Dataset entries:

········

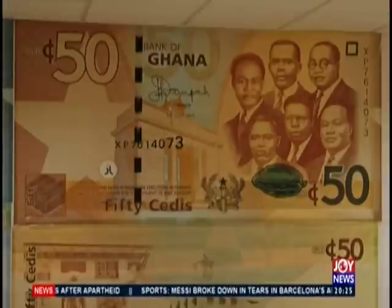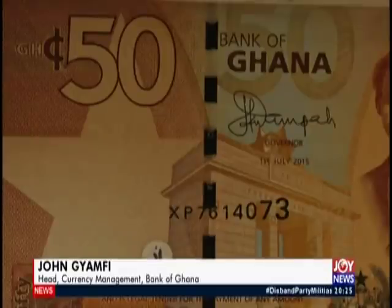Through the normal currency cycle, when currency goes out and comes back, it is processed. Those still found to be of good quality are recirculated, while those of poor quality — what we call 'unfit' — are withdrawn as mutilated and replaced. The replacement exercise would always use the upgraded versions, but good quality existing ones would continue to be accepted as a medium of payment.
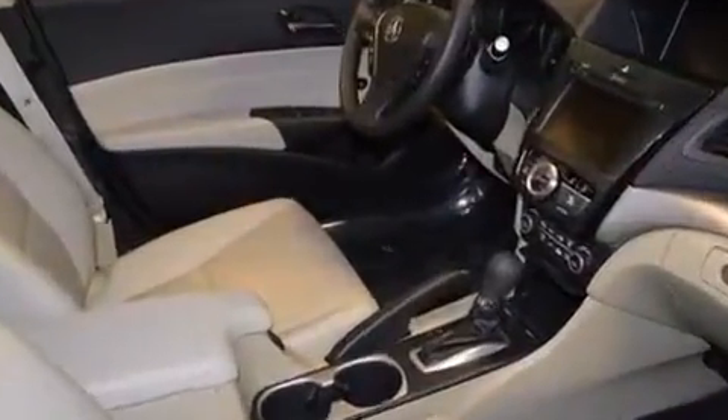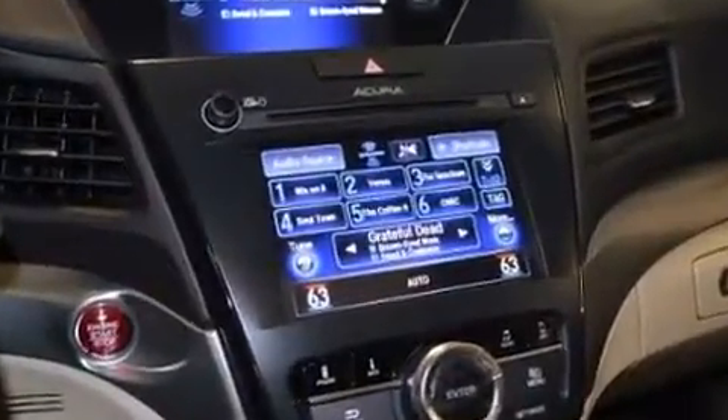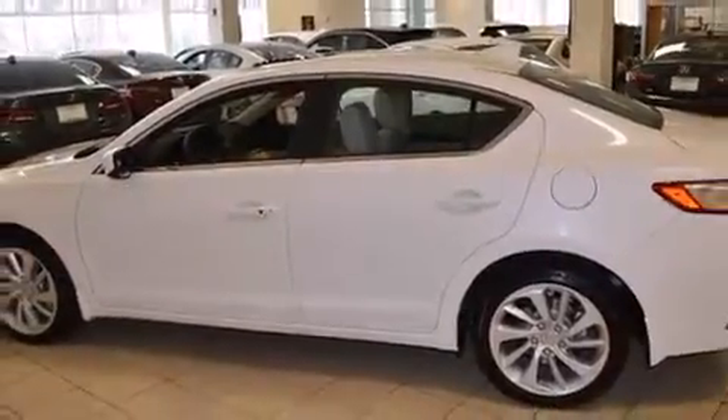All of the premium features expected of an Acura are offered, including heated seats, power moonroof, and more. Brake Assist technology provides extra pressure when applying the brakes.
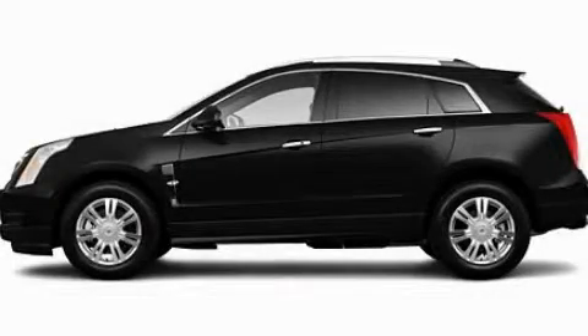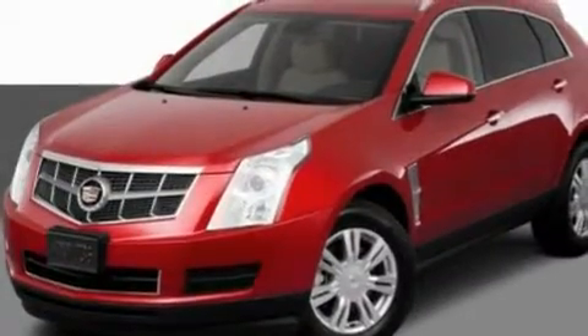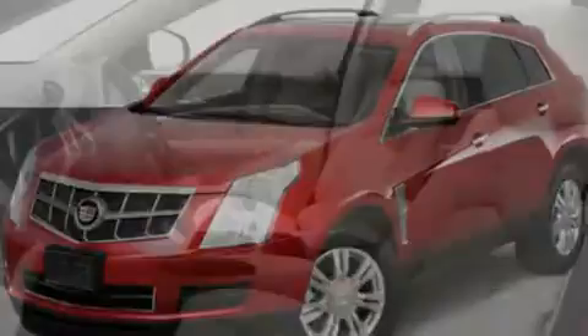This is a 2011 Cadillac SRX, with a great fit and finish. It has a 3.0-liter six-cylinder engine and an automatic transmission.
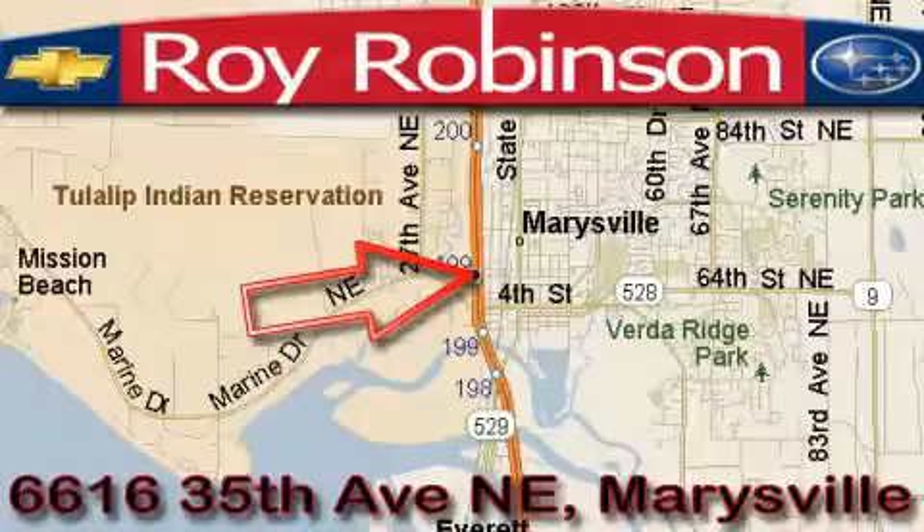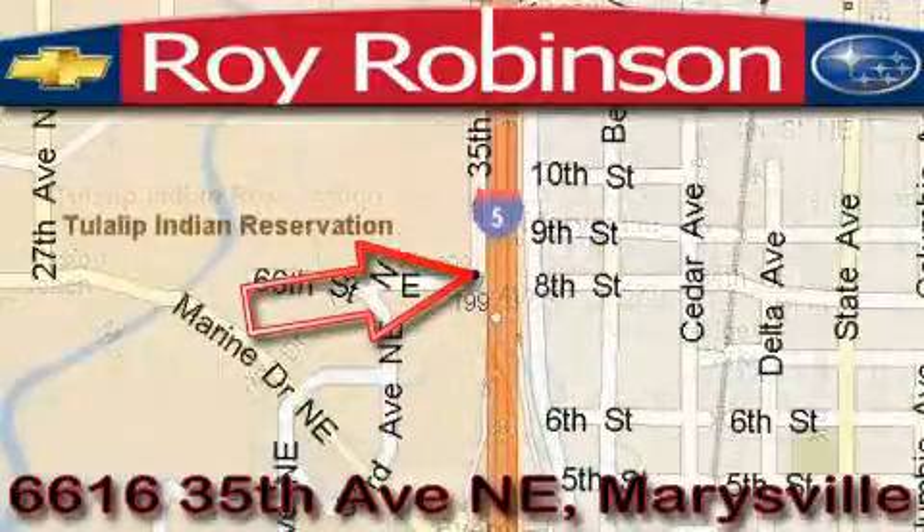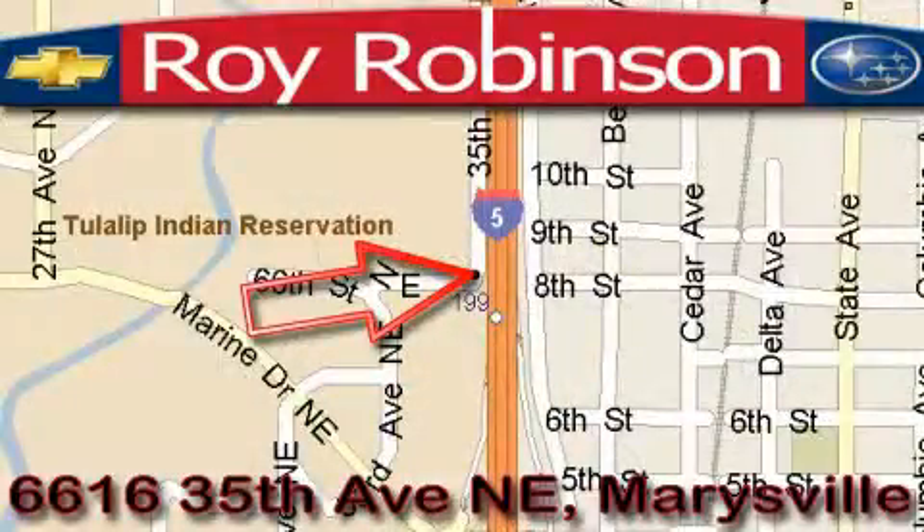The Roy Robinson Chevrolet Subaru is located at 6616 35th Avenue in Marysville. Our main objective is to make your experience at our dealership a satisfying one, whether it's for sales, service, or parts.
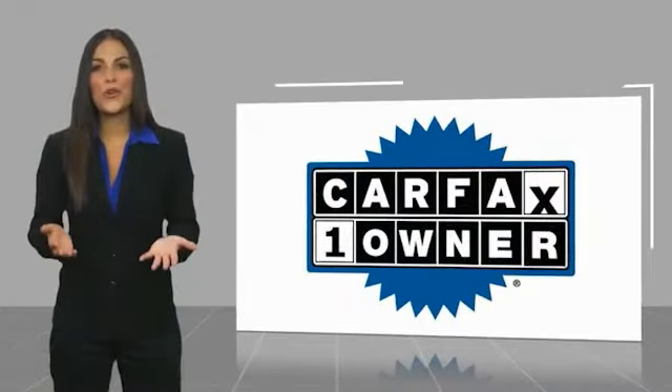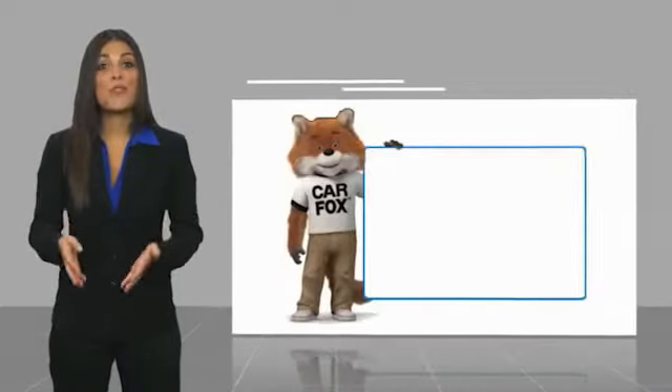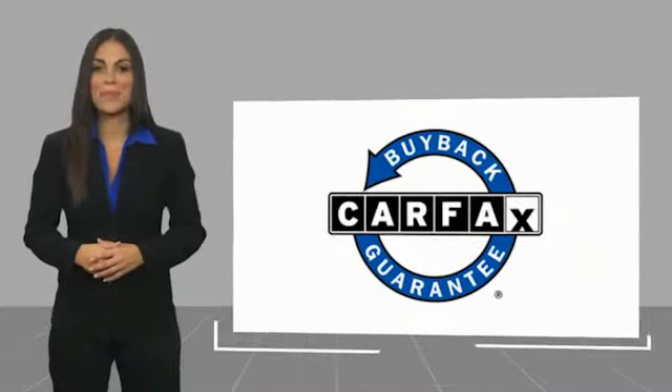This is a one-owner vehicle with a Carfax vehicle history report. Be sure to find a complimentary copy of this report online or contact the dealership. This vehicle qualifies for the Carfax buyback guarantee.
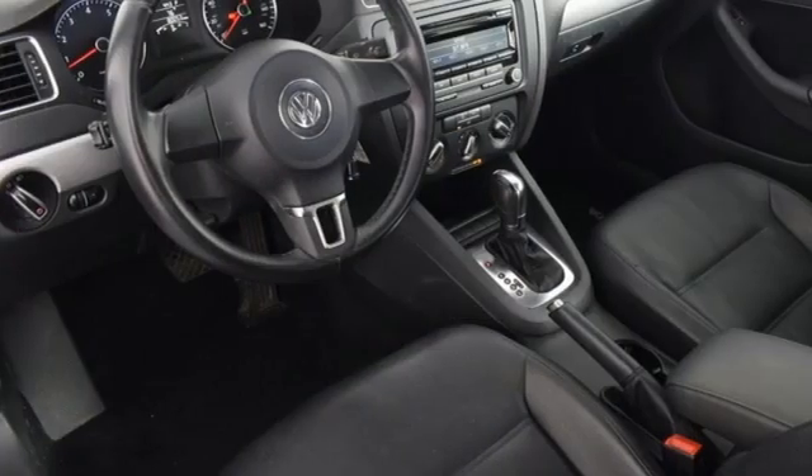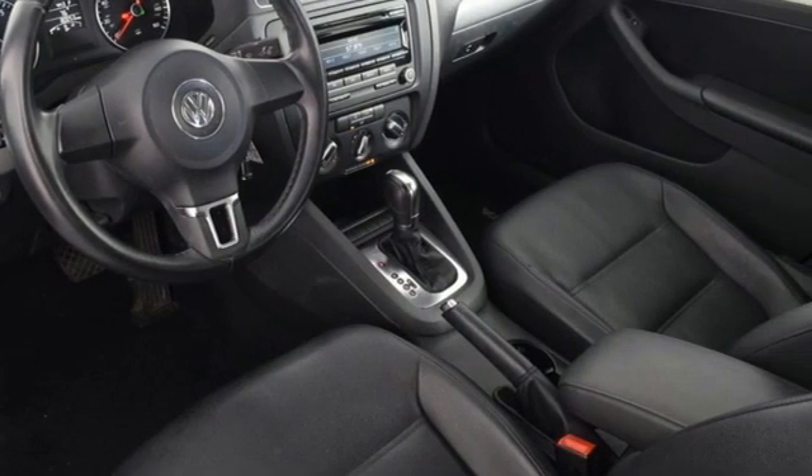Volkswagen — performance you'd expect with the precision of German engineering. Take it for a test drive today.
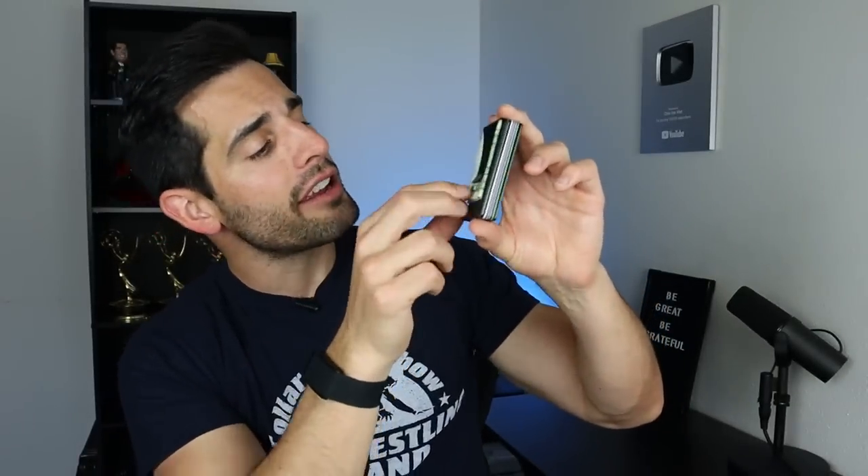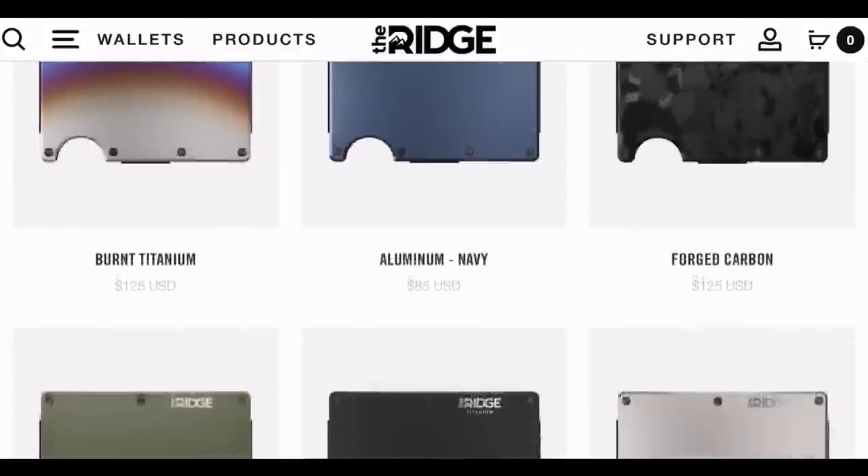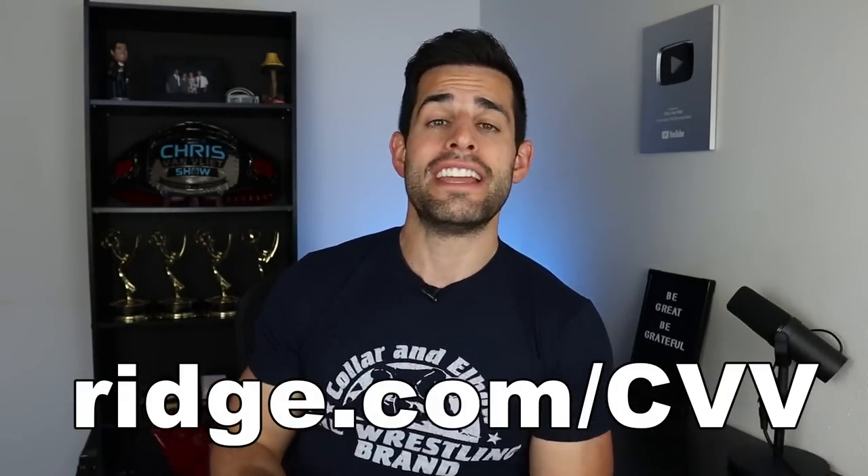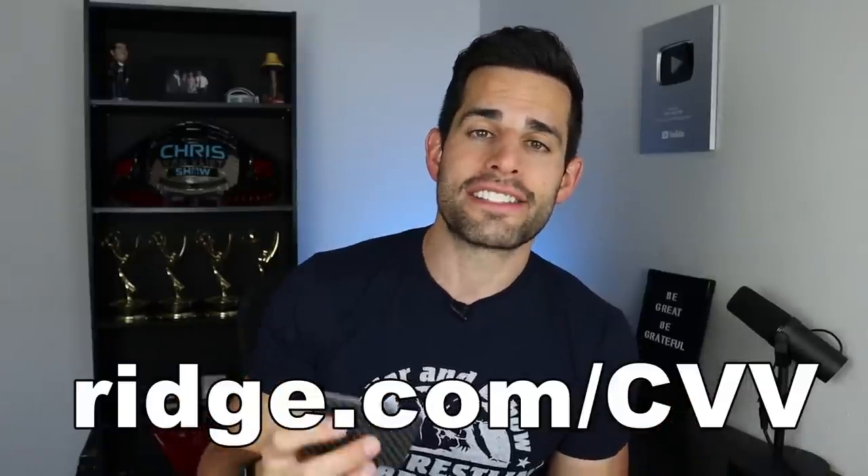Plus you've got room for cash on the back, which for me is a total of $2. There's over 30 different colors and styles to choose from. The one I've been showing you is the carbon fiber. They have more than 40,000 five-star reviews, including mine, which really says it all. Because they're sponsoring today's video, Ridge is going to give you 10% off by clicking that link down in the description — ridge.com/CVV — or just use the code CVV. Look at the difference, guys.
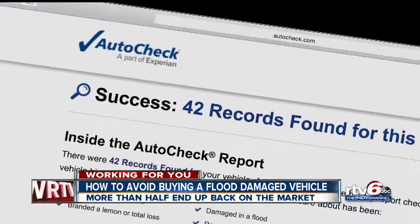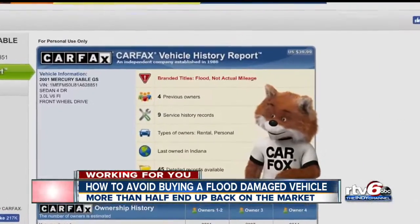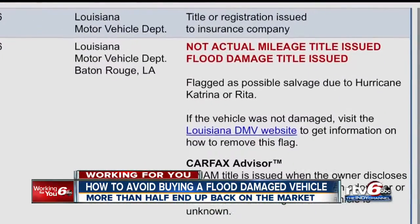Run the vehicle identification number through AutoCheck, Carfax, or similar services. That should show whether the vehicle has a flooded title.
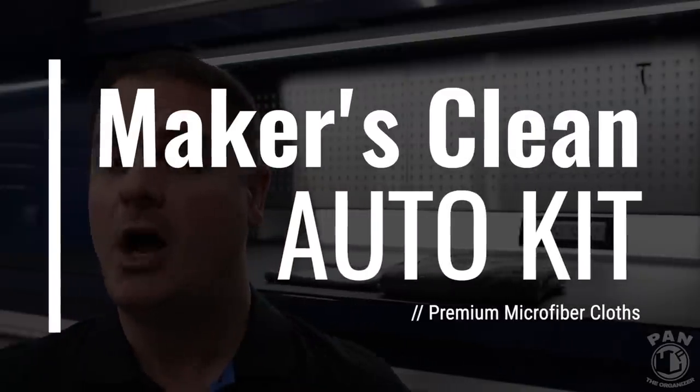Hey, what's up guys? Welcome to another episode of Pan the Organizer. You guys all know how important microfiber towels are to the car detailing world, and not all microfiber towels are made the same. So today I'll be presenting the brand new Makers Clean Auto Kit.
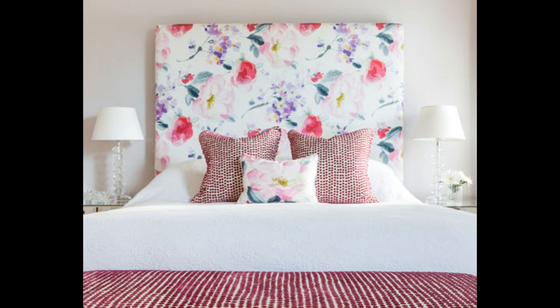2. Swap the headboard. Including florals in a bedroom is a shortcut to summer style. This room introduces them with a headboard featuring a painterly floral motif that makes the bed a focal point. Try bold blooms against a backdrop of white walls for a contemporary take on the romantic bedroom.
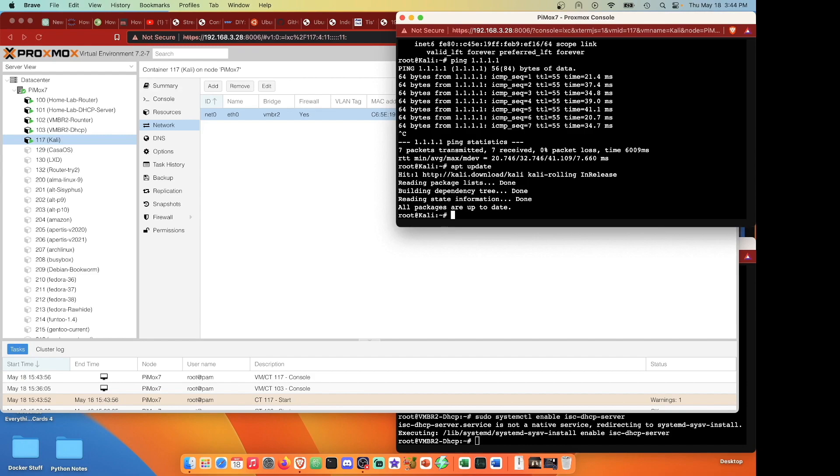We now have a working bridge forwarding internet from vmbr1 on VLAN 30 over to VLAN 150. Any containers or devices set up on vmbr2 will have internet connection. If you found this video helpful or informative, please consider liking and sharing to help the channel continue to grow. Thank you and have a good night.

········

Task requirements: Return every entry unchanged and skip the pictures.

Task answer:
Through the normal currency cycle, when currency goes out and comes back, it is processed. Those still found to be of good quality are recirculated, while those of poor quality — what we call 'unfit' — are withdrawn as mutilated and replaced. The replacement exercise would always use the upgraded versions, but good quality existing ones would continue to be accepted as a medium of payment.
All of the premium features expected of an Acura are offered, including heated seats, power moonroof, and more. Brake Assist technology provides extra pressure when applying the brakes.
This is a 2011 Cadillac SRX, with a great fit and finish. It has a 3.0-liter six-cylinder engine and an automatic transmission.
The Roy Robinson Chevrolet Subaru is located at 6616 35th Avenue in Marysville. Our main objective is to make your experience at our dealership a satisfying one, whether it's for sales, service, or parts.
This is a one-owner vehicle with a Carfax vehicle history report. Be sure to find a complimentary copy of this report online or contact the dealership. This vehicle qualifies for the Carfax buyback guarantee.
Volkswagen — performance you'd expect with the precision of German engineering. Take it for a test drive today.
Plus you've got room for cash on the back, which for me is a total of $2. There's over 30 different colors and styles to choose from. The one I've been showing you is the carbon fiber. They have more than 40,000 five-star reviews, including mine, which really says it all. Because they're sponsoring today's video, Ridge is going to give you 10% off by clicking that link down in the description — ridge.com/CVV — or just use the code CVV. Look at the difference, guys.
Run the vehicle identification number through AutoCheck, Carfax, or similar services. That should show whether the vehicle has a flooded title.
Hey, what's up guys? Welcome to another episode of Pan the Organizer. You guys all know how important microfiber towels are to the car detailing world, and not all microfiber towels are made the same. So today I'll be presenting the brand new Makers Clean Auto Kit.
2. Swap the headboard. Including florals in a bedroom is a shortcut to summer style. This room introduces them with a headboard featuring a painterly floral motif that makes the bed a focal point. Try bold blooms against a backdrop of white walls for a contemporary take on the romantic bedroom.
We now have a working bridge forwarding internet from vmbr1 on VLAN 30 over to VLAN 150. Any containers or devices set up on vmbr2 will have internet connection. If you found this video helpful or informative, please consider liking and sharing to help the channel continue to grow. Thank you and have a good night.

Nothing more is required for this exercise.